Permian export capacity, marginal investment, and disintermediation…

“O human race, born to fly upward, wherefore at a little wind dost thou so fall?”
Dante Alighieri, The Divine Comedy

Big news on capital investment in Permian takeout capacity today:  Trafigura Group and Enterprise Product Partners are independently looking to build significant VLCC  export terminals in Houston. The two combined terminals would allow for 2.4m barrels of crude a day to flow out of Houston ports: given that global liquids production is ~100m barrels a day these two terminals allow for around 2.4% of global production to be reallocated through one location.

Permian pipeline capacity is growing by 2m barrels in the next two years. If you were wondering where that oil was going this is one large trading house and one infrastructure provider making their respective moves. This is just a further example of the continued capital deepening in the region that will only further enhance and encourage greater investment in shale-based production.

One cannot help but note the contrast between the Trafigura business model and that of an offshore energy company. Trafigura is providing infrastructure and distribution capability to a whole host of smaller E&P companies that will concentrate on production and require CapEx only to hook-up to a pipeline (or less commonly a rail) network. Trafigura gets (at least) an infrastructure style return on the export facility and full exposure to the commodity price and volume as a trading house (which is what they want). But what it doesn’t have to do is develop a major E&P presence in the basin : in economics/ management speak they have disintermediated the E&P supply chain. It might sound like a dot-com era buzzword but it’s real.

Trafigura has the perfect supplier base of small companies, who wish to sell 100% of output at the marginal (i.e. spot market) price, and are constantly seeking innovative ways to extract that product at the lowest possible cost. In an industry where a host of smaller companies supply rigs and crews to drill wells the expensive coordination costs of this are being farmed out to the smaller companies. Very low barriers to entry, literally $10m per well and full rig crews for only a deposit, will ensure that greater offtake capacity keeps margins capped (at the level required to induce new firms) while Trafigura controls returns that require capital and market power. It is the sort of market and business that locks in structurally higher profits for the infrastructure and distribution arm while pushing CapEx back to E&P companies and their supply chain. If oil prices slump and some of the production companies go bankrupt then their assets will simply attract new buyers at a level that reflects the marginal cost of production and they will still need export and distribution facilities.

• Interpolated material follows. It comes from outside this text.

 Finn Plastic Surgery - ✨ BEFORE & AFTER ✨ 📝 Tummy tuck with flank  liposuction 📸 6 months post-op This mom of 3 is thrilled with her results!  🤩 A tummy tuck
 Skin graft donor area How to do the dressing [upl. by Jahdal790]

This for offshore is where competition for marginal investment dollars resides. A core of finance theory is that returns are linked to risk. You might well be able to get a lower per barrel cost from an offshore field but you have to risk your capital for a significantly longer period of time in an era of very volatile oil prices. Not only that but most offshore developments require that you invest in subsea processing equipment and offtake capability to get to a shared pipeline or increasingly to a FPSO for larger developments. Finance theory also teaches you that all projects that are NPV positive should be funded but the institutional mechanics of raising capital, and the impact of market sentiment on sector investments, mean that isn’t always the case (although really you could just argue that the finance providers have a different view of the risk involved).

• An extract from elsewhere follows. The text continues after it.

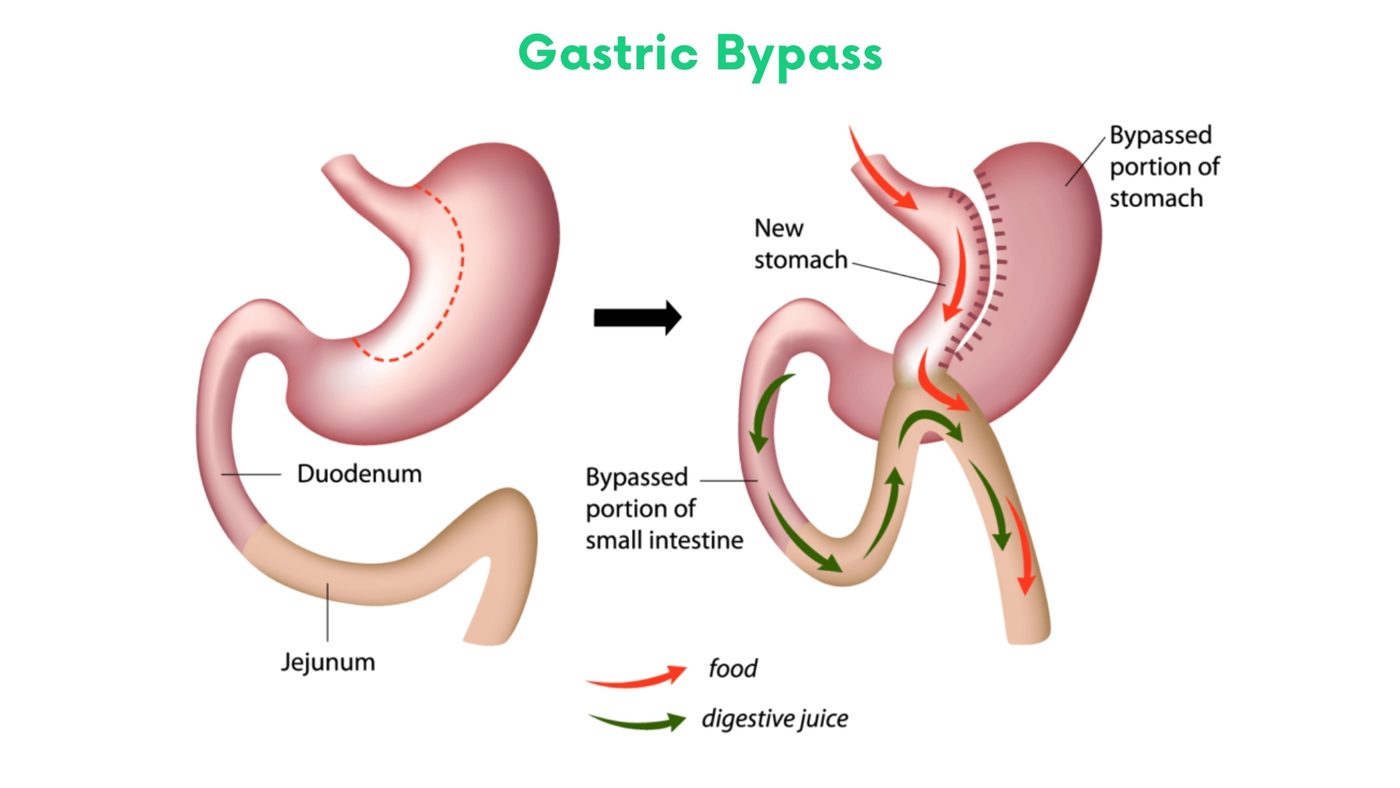 Laparoscopic Roux-en-Y gastric bypass by Dr. Shehryar Niazi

Regardless, as the graph at the top of this article shows capital expenditure to offshore projects has declined ~29%!! as a proportion of the total allocation since 2016 (from 41% to 29%) while capital to onshore conventional and shale has grown (IEA) . This is well below the 2000-2010 average and if continued is a large structural industry change. Competition for capital and marginal production is driving this change and there is real competition. There is no ‘inflection point’ for offshore demand, or ‘recovery to prepare for’, without a marked change in this trend. Offshore is losing the battle for capital at the margin and remains competitive only by supplying assets below their economic cost.

Since the downturn in 2014 the holy grail of subsea investment has been to try and find investors willing to buy and lease the infrastructure as opposed to taking E&P risk. The problems with such an idea are legion: the kit is very site and customer specific, has limited residual value, and may struggle to get seniority over the reserves below in the event of a default driven by low oil prices. It is in short very difficult to create something that isn’t simply quasi- equity in the field and surely should be priced at the same level? The ability to genuinely split exploration and production risk from distribution risk, the hallmark of the US midstream system, offers a financing and business model innovation that makes it easier to allow large sums of capital to be raised and further deepen the capital base for production in the region. Finance matters in innovation.

As I keep saying this isn’t the end of offshore but it heralds a new kind of offshore surely? Large deepwater developments allow fully integrated E&P majors to take signficant development complexity, capital, timing, and offtake risk. These companies talk of ‘advantaged oil’ and they have it in these developments. Trading houses with export capability and infrastructure have advantaged oil in their network of production companies who aim to sell 100% of output at the margin, none of whom are large enough to impact the price they pay for the product, but mid sized offshore companies strike me as under real threat and limited in size to the proportion of oil shale/tight oil can supply.

Mid-sized offshore companies do not have the portfolio advantages that large oil companies do. Every development represents a significant fraction of their investment plans and there is a limit to the technical complexity and capital required of projects they can undertake. Previously their ‘advantaged oil’ was access to a resource basin that was needed but did not move the production needle for larger companies. As riskier investments they raised capital on smaller markets (AIM, Oslo OTC, TSX) and used reserves-based financing and bonds along with farmout agreements. But this took time and the higher leverage levels make this risky. The cost of equity, when available, is much higher than in the past because the expectation is that the price of oil will be more volatile. And now the returns are capped by the marginal cost and volumes at which shale companies can supply, which is a new and significant risk factor, particularly in an investment with a multi-year gestation period.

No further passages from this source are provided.